Kurioses kurz kommentiert: Der Feminismus der blauen Rasierapparate

Dass der Staat respektive dessen Diener eine unerschöpfliche Phantasie besitzen, wenn es um die Schaffung neuer Abgabentatbestände geht, ist ein Kernelement des liberalen Lamentos, und natürlich ist diese Klage nur allzu berechtigt. So hat es zu verschiedenen Zeiten in Ländern deutscher Zunge einmal eine Jungfern- und dann eine Prostitutionssteuer gegeben, was reichlich inkohärent erscheint und den Leviathan durchaus als Gargantua der klingenden Münze erscheinen lässt.

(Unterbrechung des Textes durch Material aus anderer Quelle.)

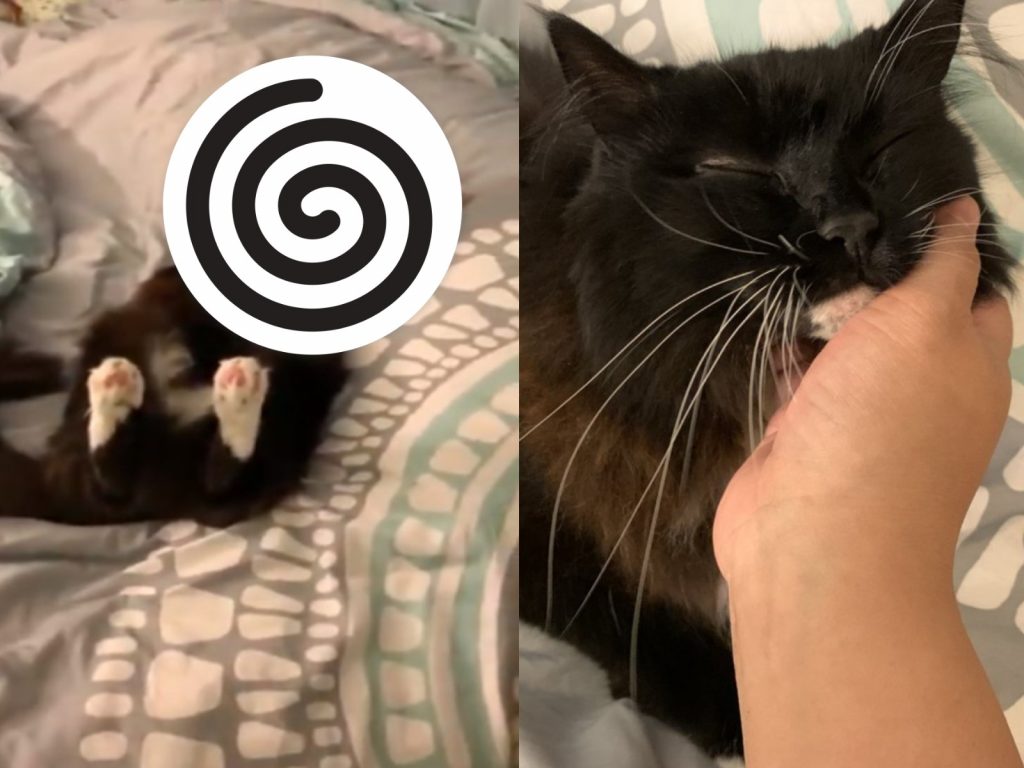 黑白貓日前遇見地震而嚇傻（圖／twitter@emichen88）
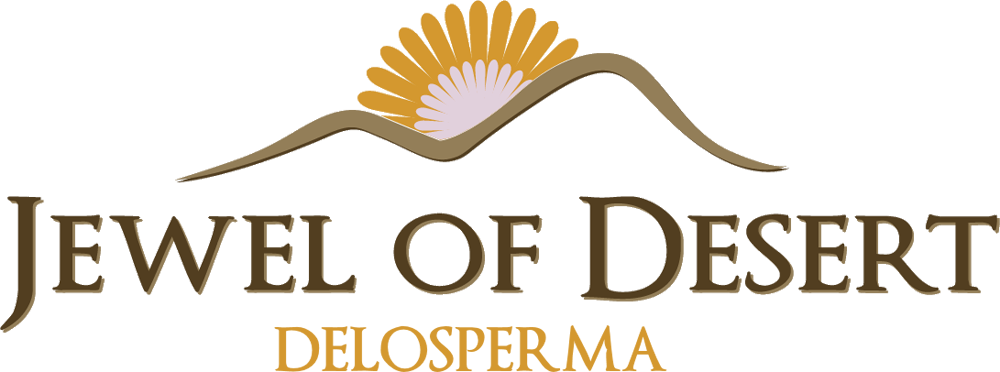 logo-delosperma-jewel-of-desert-opal-dsab13-1-pp27-056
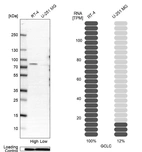 Western blot analysis in human cell line RT-4 and human cell line U-251 MG.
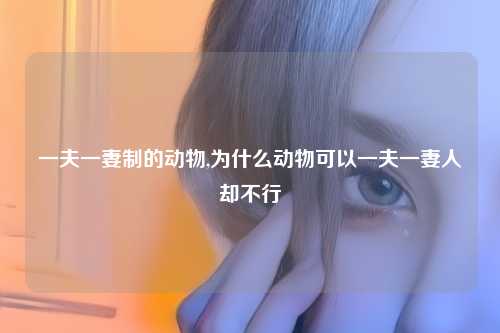 一夫一妻制的动物,为什么动物可以一夫一妻人却不行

Kein menschliches Bedürfnis ist vor der aufgehaltenen öffentlichen Hand sicher: „Pecunia non olet“ – „Geld stinkt nicht“ – antwortete der römische Kaiser Vespasian bekanntlich seinem Sohn Titus, als dieser ihm die Anrüchigkeit des von seinem Vater eingeführten Toiletten-Zwangsobolus vorwarf. Solcher Staatssäckelzynismus reizte die Franzosen, bei denen laut André Siegfried „eine geheime Missbilligung […] denjenigen umgibt, der die Steuer bezahlt“ („Une secrète réprobation entoure en France celui qui paie l’impôt“), zu der urinsauren Rache, das Pissoir nach dem Imperator des stillen Örtchens als vespasienne zu benennen, auf dass sein Name, solange das galloromanische Führungsidiom lebendig ist, gleichsam in die Kanalisation gespült werde.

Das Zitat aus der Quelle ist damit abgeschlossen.